As for your physical eating habits, this is one of the areas where inner
strength training and outer strength training part ways. As a meditator, you
have to be concerned less with *what* physical food you eat than with
*why*you eat. If you're bulking up for no real purpose, it's actually
harmful for
the mind. You have to realize that in eating — even if it's vegetarian food
— you're placing a burden on the world around you, so you want to give some
thought to the purposes served by the strength you gain from your food.
Don't take more from the world than you're willing to give back. Don't eat
just for the fun of it, because the beings that provided the food didn't
provide it in fun. Make sure the energy gets put to good use.

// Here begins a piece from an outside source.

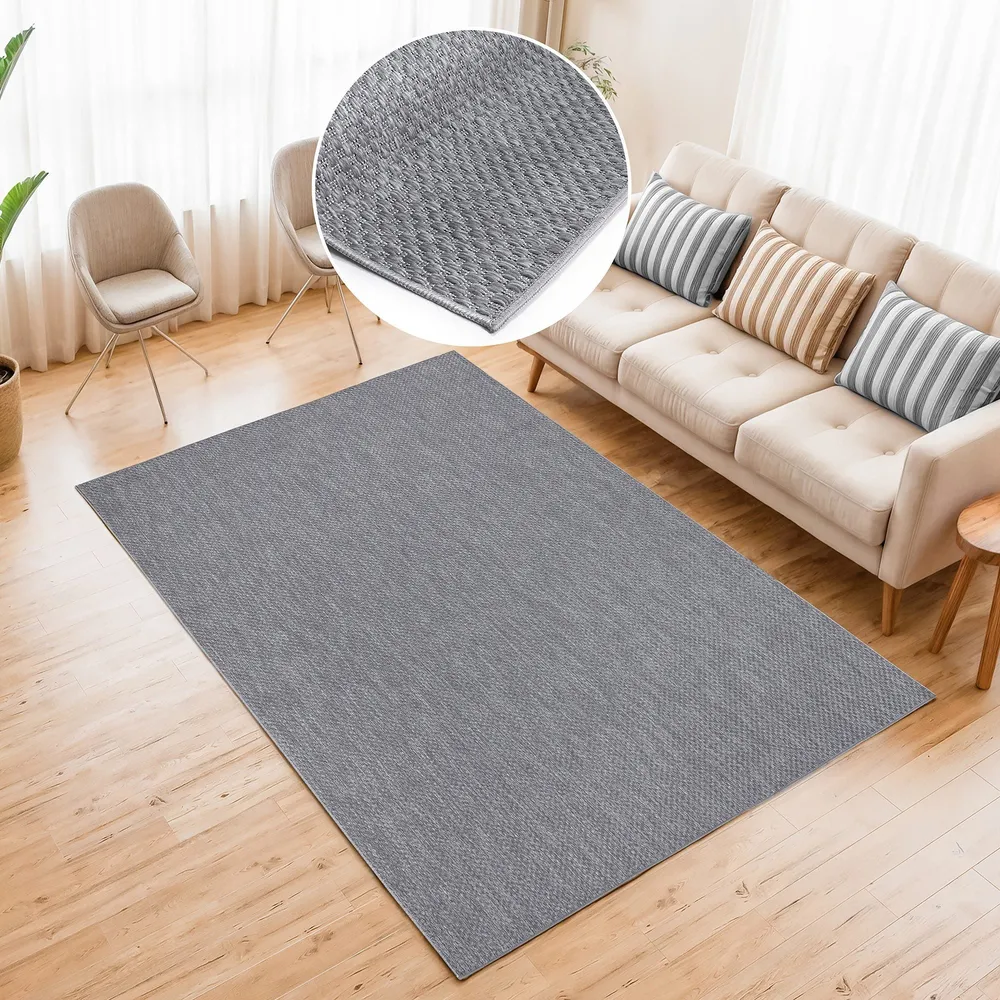 Covor traversa Rhodos gri de interior și exterior cu tesatura plata 120x180 cm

*Don't leave your strength in the gym.* If you don't use your strength in
other activities, strength training becomes largely an exercise in vanity —
aimed at impressing yourself or others, but the impression is rarely deep or
lasting. The same principle applies to your meditative skills. If you leave
them on the cushion and don't apply them in everyday life, they never make a
deep impression on the mind, and you don't get as much out of them as you
really should. The ability to maintain your center and to breathe
comfortably in any situation can be a genuine lifesaver, keeping the mind in
a position where you can more easily think of the right thing to do, say, or
think when your surroundings get tough. As a result, the people around you
are no longer subjected to your greed, anger, and delusion. And as you
maintain your inner balance in this way, it helps them maintain theirs. So
make the whole world your meditation seat, and you'll find that meditation
both on the big seat and the little seat will get a lot stronger. At the
same time, it'll become a gift both to yourself and to the world around you.

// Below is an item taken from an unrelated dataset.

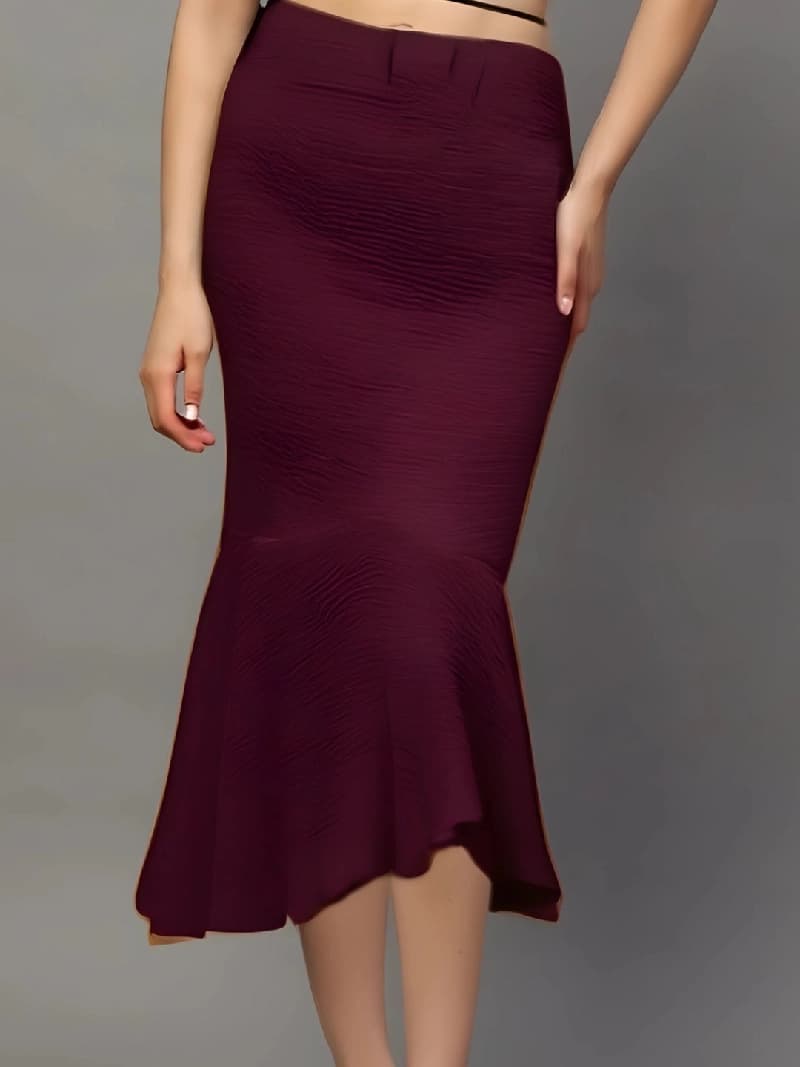 Women's Orange Casual Solid Regular Fit Skirt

*Never lose sight of your ultimate goal.* Mental strength has at least one
major advantage over physical strength in that it doesn't inevitably decline
with age. It can always keep growing to and through the experience of death.
The Buddha promises that it leads to the Deathless, and he wasn't a man to
make vain, empty promises. So when you establish your priorities, make sure
that you give more time and energy to strengthening your meditation than you
do to strengthening your body. After all, someday you'll be forced to lay
down this body, no matter how fit or strong you've made it, but you'll never
be forced to lay down the strengths you've built into the mind.